- **TASK DIRECTIONS**: Copy every record below, exactly as written.

────────────────

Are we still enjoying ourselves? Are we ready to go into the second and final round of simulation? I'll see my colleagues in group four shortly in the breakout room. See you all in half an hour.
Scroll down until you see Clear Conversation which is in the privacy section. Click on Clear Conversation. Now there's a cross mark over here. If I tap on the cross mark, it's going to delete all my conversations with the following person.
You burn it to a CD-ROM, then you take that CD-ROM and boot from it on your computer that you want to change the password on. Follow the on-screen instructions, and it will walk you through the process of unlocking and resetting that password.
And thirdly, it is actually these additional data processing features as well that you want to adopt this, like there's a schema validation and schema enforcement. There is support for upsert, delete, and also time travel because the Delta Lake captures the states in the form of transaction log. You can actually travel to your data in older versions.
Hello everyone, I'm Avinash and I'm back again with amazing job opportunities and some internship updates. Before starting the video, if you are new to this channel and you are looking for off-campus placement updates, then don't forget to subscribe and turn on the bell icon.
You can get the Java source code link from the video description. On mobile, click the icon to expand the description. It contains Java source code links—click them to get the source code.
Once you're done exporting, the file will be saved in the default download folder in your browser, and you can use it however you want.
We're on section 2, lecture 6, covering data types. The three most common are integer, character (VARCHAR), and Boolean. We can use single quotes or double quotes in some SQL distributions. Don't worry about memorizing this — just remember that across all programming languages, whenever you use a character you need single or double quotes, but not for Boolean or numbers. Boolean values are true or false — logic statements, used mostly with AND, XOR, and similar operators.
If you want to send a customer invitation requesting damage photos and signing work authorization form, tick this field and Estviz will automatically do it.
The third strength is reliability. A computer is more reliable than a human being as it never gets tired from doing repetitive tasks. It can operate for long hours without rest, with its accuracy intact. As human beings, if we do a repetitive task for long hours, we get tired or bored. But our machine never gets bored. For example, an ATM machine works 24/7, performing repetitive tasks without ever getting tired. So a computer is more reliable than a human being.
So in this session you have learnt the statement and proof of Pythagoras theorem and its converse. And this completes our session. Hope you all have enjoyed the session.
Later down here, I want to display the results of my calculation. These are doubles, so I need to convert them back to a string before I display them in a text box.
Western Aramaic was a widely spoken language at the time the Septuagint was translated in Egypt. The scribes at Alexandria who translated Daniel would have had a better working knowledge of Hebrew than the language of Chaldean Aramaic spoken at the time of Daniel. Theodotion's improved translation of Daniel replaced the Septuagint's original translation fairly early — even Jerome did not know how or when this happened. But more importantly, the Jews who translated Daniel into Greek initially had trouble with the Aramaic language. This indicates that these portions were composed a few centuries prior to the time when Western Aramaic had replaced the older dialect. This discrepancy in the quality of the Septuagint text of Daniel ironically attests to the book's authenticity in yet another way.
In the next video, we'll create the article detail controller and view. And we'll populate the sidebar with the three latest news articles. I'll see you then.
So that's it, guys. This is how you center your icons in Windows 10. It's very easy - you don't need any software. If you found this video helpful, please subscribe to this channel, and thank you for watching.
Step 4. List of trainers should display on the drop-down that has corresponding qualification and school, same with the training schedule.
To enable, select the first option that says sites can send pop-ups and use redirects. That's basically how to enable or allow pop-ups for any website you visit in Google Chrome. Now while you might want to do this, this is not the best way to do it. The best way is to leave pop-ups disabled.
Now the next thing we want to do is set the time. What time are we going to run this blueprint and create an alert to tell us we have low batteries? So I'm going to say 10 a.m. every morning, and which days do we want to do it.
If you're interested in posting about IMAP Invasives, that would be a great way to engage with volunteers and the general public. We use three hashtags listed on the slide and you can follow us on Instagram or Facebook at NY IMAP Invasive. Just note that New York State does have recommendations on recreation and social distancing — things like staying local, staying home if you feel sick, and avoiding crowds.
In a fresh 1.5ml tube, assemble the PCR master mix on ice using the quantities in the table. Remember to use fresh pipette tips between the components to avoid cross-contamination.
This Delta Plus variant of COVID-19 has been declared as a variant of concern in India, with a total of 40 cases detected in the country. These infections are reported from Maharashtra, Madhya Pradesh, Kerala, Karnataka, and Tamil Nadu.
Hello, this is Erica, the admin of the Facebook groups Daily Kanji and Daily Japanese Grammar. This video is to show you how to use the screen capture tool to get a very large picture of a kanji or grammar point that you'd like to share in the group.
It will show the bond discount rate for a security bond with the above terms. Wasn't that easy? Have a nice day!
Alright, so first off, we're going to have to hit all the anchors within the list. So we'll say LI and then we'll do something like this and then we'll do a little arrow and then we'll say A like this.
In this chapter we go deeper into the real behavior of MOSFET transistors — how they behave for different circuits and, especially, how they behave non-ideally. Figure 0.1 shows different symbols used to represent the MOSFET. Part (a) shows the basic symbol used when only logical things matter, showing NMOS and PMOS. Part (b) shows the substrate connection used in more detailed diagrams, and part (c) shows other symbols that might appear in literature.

────────────────

- **RESPONSE TO THIS EXERCISE**:
Are we still enjoying ourselves? Are we ready to go into the second and final round of simulation? I'll see my colleagues in group four shortly in the breakout room. See you all in half an hour.
Scroll down until you see Clear Conversation which is in the privacy section. Click on Clear Conversation. Now there's a cross mark over here. If I tap on the cross mark, it's going to delete all my conversations with the following person.
You burn it to a CD-ROM, then you take that CD-ROM and boot from it on your computer that you want to change the password on. Follow the on-screen instructions, and it will walk you through the process of unlocking and resetting that password.
And thirdly, it is actually these additional data processing features as well that you want to adopt this, like there's a schema validation and schema enforcement. There is support for upsert, delete, and also time travel because the Delta Lake captures the states in the form of transaction log. You can actually travel to your data in older versions.
Hello everyone, I'm Avinash and I'm back again with amazing job opportunities and some internship updates. Before starting the video, if you are new to this channel and you are looking for off-campus placement updates, then don't forget to subscribe and turn on the bell icon.
You can get the Java source code link from the video description. On mobile, click the icon to expand the description. It contains Java source code links—click them to get the source code.
Once you're done exporting, the file will be saved in the default download folder in your browser, and you can use it however you want.
We're on section 2, lecture 6, covering data types. The three most common are integer, character (VARCHAR), and Boolean. We can use single quotes or double quotes in some SQL distributions. Don't worry about memorizing this — just remember that across all programming languages, whenever you use a character you need single or double quotes, but not for Boolean or numbers. Boolean values are true or false — logic statements, used mostly with AND, XOR, and similar operators.
If you want to send a customer invitation requesting damage photos and signing work authorization form, tick this field and Estviz will automatically do it.
The third strength is reliability. A computer is more reliable than a human being as it never gets tired from doing repetitive tasks. It can operate for long hours without rest, with its accuracy intact. As human beings, if we do a repetitive task for long hours, we get tired or bored. But our machine never gets bored. For example, an ATM machine works 24/7, performing repetitive tasks without ever getting tired. So a computer is more reliable than a human being.
So in this session you have learnt the statement and proof of Pythagoras theorem and its converse. And this completes our session. Hope you all have enjoyed the session.
Later down here, I want to display the results of my calculation. These are doubles, so I need to convert them back to a string before I display them in a text box.
Western Aramaic was a widely spoken language at the time the Septuagint was translated in Egypt. The scribes at Alexandria who translated Daniel would have had a better working knowledge of Hebrew than the language of Chaldean Aramaic spoken at the time of Daniel. Theodotion's improved translation of Daniel replaced the Septuagint's original translation fairly early — even Jerome did not know how or when this happened. But more importantly, the Jews who translated Daniel into Greek initially had trouble with the Aramaic language. This indicates that these portions were composed a few centuries prior to the time when Western Aramaic had replaced the older dialect. This discrepancy in the quality of the Septuagint text of Daniel ironically attests to the book's authenticity in yet another way.
In the next video, we'll create the article detail controller and view. And we'll populate the sidebar with the three latest news articles. I'll see you then.
So that's it, guys. This is how you center your icons in Windows 10. It's very easy - you don't need any software. If you found this video helpful, please subscribe to this channel, and thank you for watching.
Step 4. List of trainers should display on the drop-down that has corresponding qualification and school, same with the training schedule.
To enable, select the first option that says sites can send pop-ups and use redirects. That's basically how to enable or allow pop-ups for any website you visit in Google Chrome. Now while you might want to do this, this is not the best way to do it. The best way is to leave pop-ups disabled.
Now the next thing we want to do is set the time. What time are we going to run this blueprint and create an alert to tell us we have low batteries? So I'm going to say 10 a.m. every morning, and which days do we want to do it.
If you're interested in posting about IMAP Invasives, that would be a great way to engage with volunteers and the general public. We use three hashtags listed on the slide and you can follow us on Instagram or Facebook at NY IMAP Invasive. Just note that New York State does have recommendations on recreation and social distancing — things like staying local, staying home if you feel sick, and avoiding crowds.
In a fresh 1.5ml tube, assemble the PCR master mix on ice using the quantities in the table. Remember to use fresh pipette tips between the components to avoid cross-contamination.
This Delta Plus variant of COVID-19 has been declared as a variant of concern in India, with a total of 40 cases detected in the country. These infections are reported from Maharashtra, Madhya Pradesh, Kerala, Karnataka, and Tamil Nadu.
Hello, this is Erica, the admin of the Facebook groups Daily Kanji and Daily Japanese Grammar. This video is to show you how to use the screen capture tool to get a very large picture of a kanji or grammar point that you'd like to share in the group.
It will show the bond discount rate for a security bond with the above terms. Wasn't that easy? Have a nice day!
Alright, so first off, we're going to have to hit all the anchors within the list. So we'll say LI and then we'll do something like this and then we'll do a little arrow and then we'll say A like this.
In this chapter we go deeper into the real behavior of MOSFET transistors — how they behave for different circuits and, especially, how they behave non-ideally. Figure 0.1 shows different symbols used to represent the MOSFET. Part (a) shows the basic symbol used when only logical things matter, showing NMOS and PMOS. Part (b) shows the substrate connection used in more detailed diagrams, and part (c) shows other symbols that might appear in literature.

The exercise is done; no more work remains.